I was working on an open source project recently and came across a couple issues that contained [ZWSP] displayed in the test files. The [ZWSP] was only displayed in the IntelliJ IDE. Eclipse, Atom and vim showed no issues with the code. The [ZWSP] stands for zero-width space. It was breaking the test file and there were multiple issues in the github repository documenting it.

I found nine zero-width space characters in the unicode characters table and there may be more.

Character Unicode Hex
Zero-width space U+200B 0xe2 0x80 0x8b
Zero-width non-joiner U+200C 0xe2 0x80 0x8c
Zero-width joiner U+200D 0xe2 0x80 0x8d
Left-To-Right Mark U+200E 0xe2 0x80 0x8e
Right-To-Left Mark U+200F 0xe2 0x80 0x8f
Left-To-Right Embedding U+202A 0xe2 0x80 0xaa
Right-To-Left Embedding U+202B 0xe2 0x80 0xab
Word joiner U+2060 0xe2 0x81 0xa0
Zero-width no-break space U+FEFF 0xef 0xbb 0xbf

Zero-width characters are non-printing characters that are not displayed by most applications. They are Unicode characters, typically used to mark possible line breaks or join/separate characters in writing systems that use ligatures. They are not removed if the text is formatted, copied or pasted. It’s really hard to detect them without special tools. It most likely happened from copy and pasting code from the AssertJ API.

I used a tool called HexView to view the hexidecimal format of the file and inspect for it.

hexview

HexView allowed me to inspect the code using the column on the right. As you can see, it is not the IDE or editor, the value is in the actual code. I removed the hex value
e2 80 8b

hexview

It was interesting to note that IntelliJ was the only IDE or editor to pick up the zwsp. Users that did not use IntelliJ experienced no issues.
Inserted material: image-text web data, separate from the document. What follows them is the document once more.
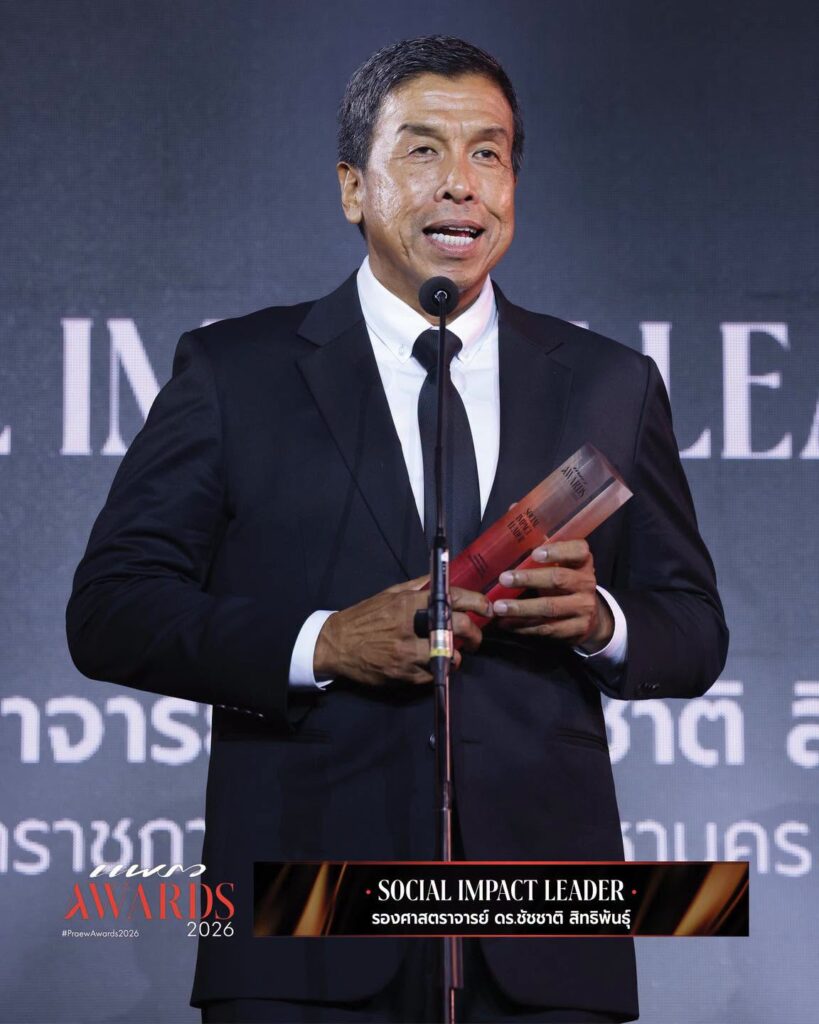 รองศาสตราจารย์ ดร. ชัชชาติ สิทธิพันธุ์ ผู้ว่าราชการกรุงเทพมหานคร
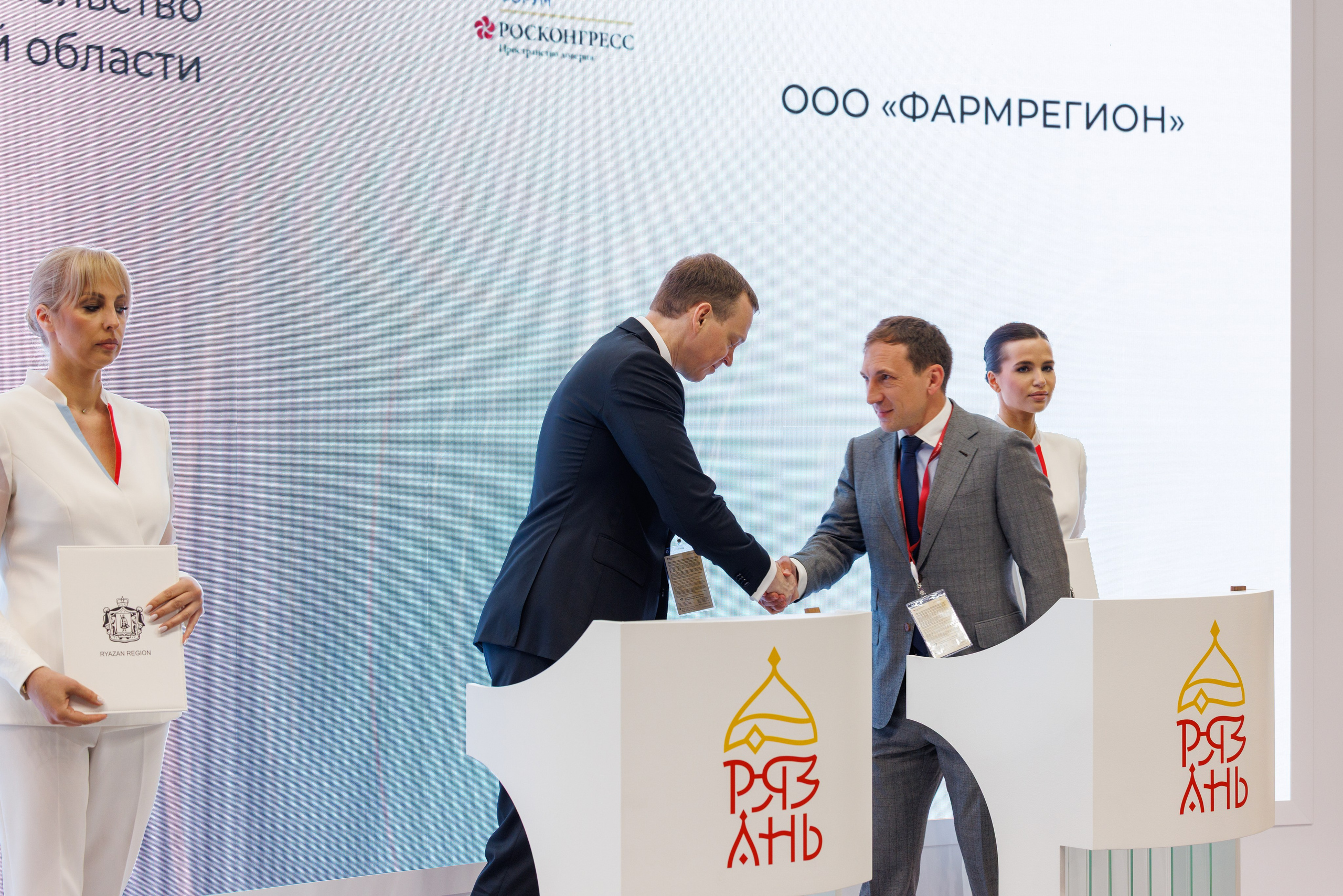 ПМЭФ 2026. Фотограф Александр Заломаев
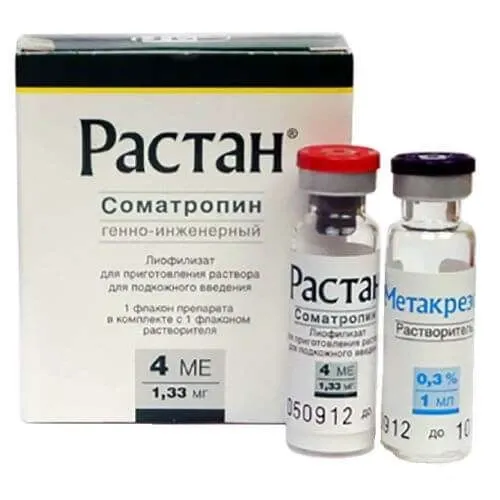 РАСТАН лиофилизат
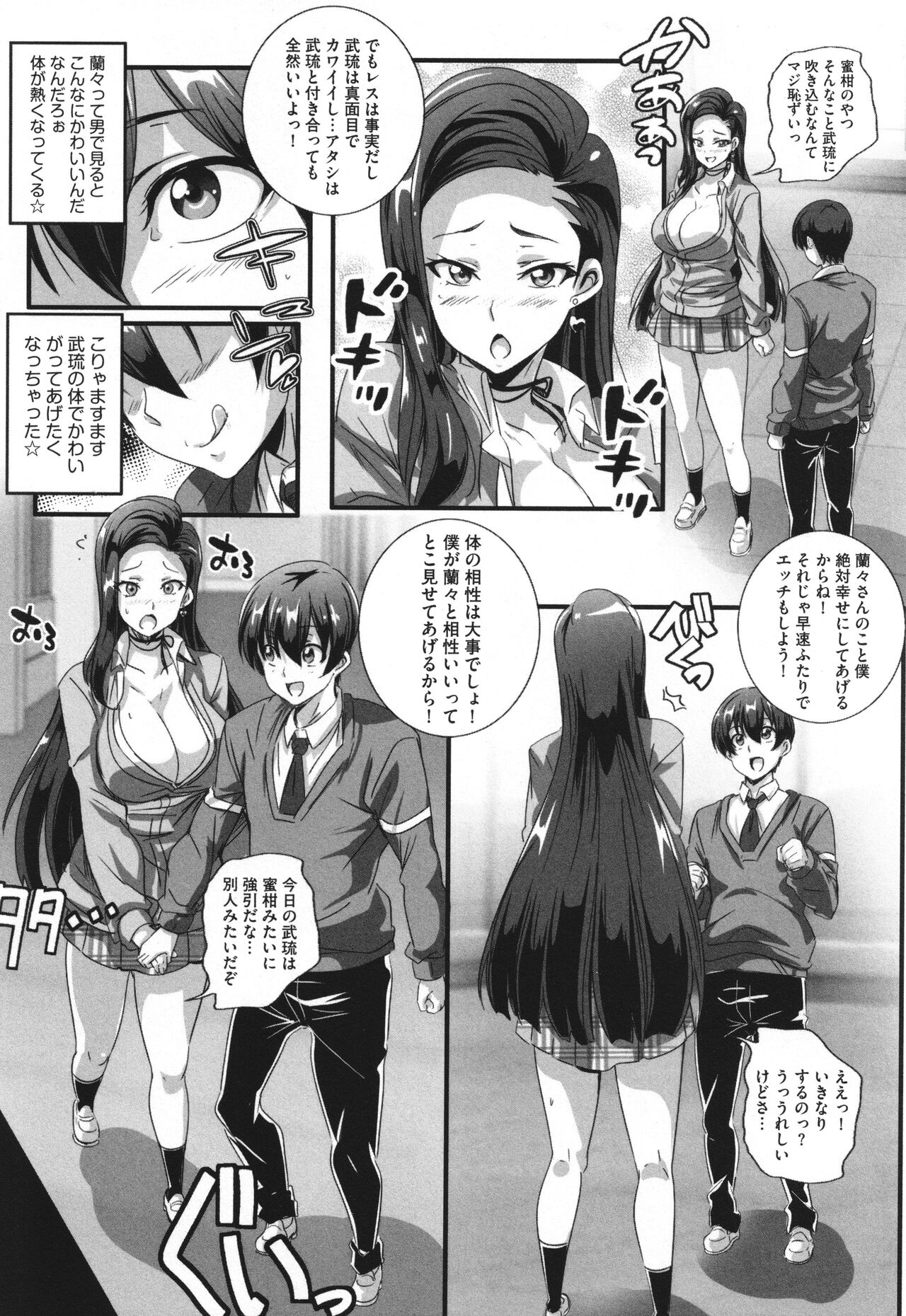 Bitch ni Natta Kuro Gal Nee-chan to Irekawari Seikatsu page 15 - big breasts swimsuit hentai manga - read online free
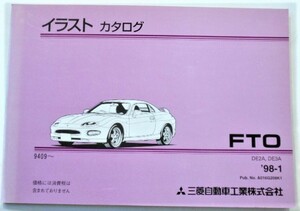 三菱 FTO DE2A.DE3A 1994.09- イラストカタログ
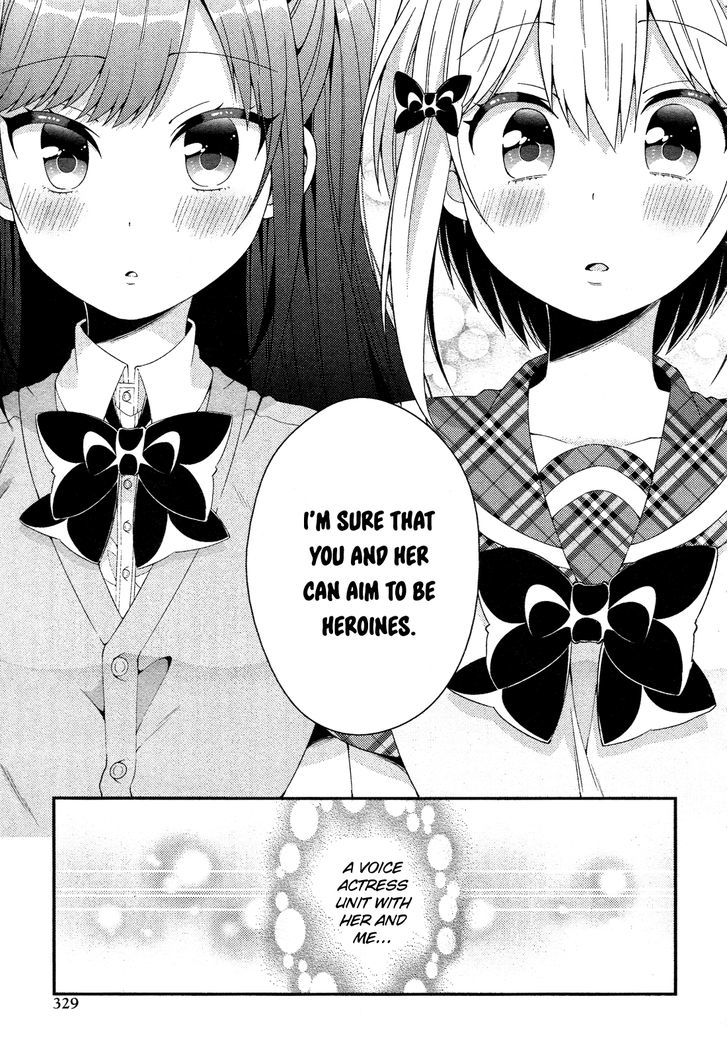 Heroine Voice Chapter 10 page 18 - Chapter 10 : Voice Actress Unit
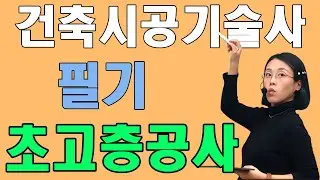 건축시공기술사 필기 초고층공사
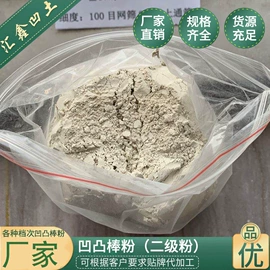 非金属粉末;活性炭;麦饭石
The ability to use invisible characters with no width has serious security implications. Users could create usernames, email addresses and websites that look identical to a human, but different to computers. Luckily, zero-width spaces are prohibited in email addresses and domain names. See homograph attack for an example. Zero-width spaces can hide an encoded binary message in a piece of text. String -> byte -> bit -> 1 -> ZWSP and 0 -> ZWNJ. They can be added to sensitive documents, hidden in different places for each of the recipients, creating a unique finger print to identify the source.

This reminded me of hidden dots and values produced by printers. Surely, there is a tool to inspect for these. Insert DEDA, created from the researchers of Forensic Analysis and Anonymisation of Printed Documents. I’m not sure how valuable or effective it is but I will dig into it.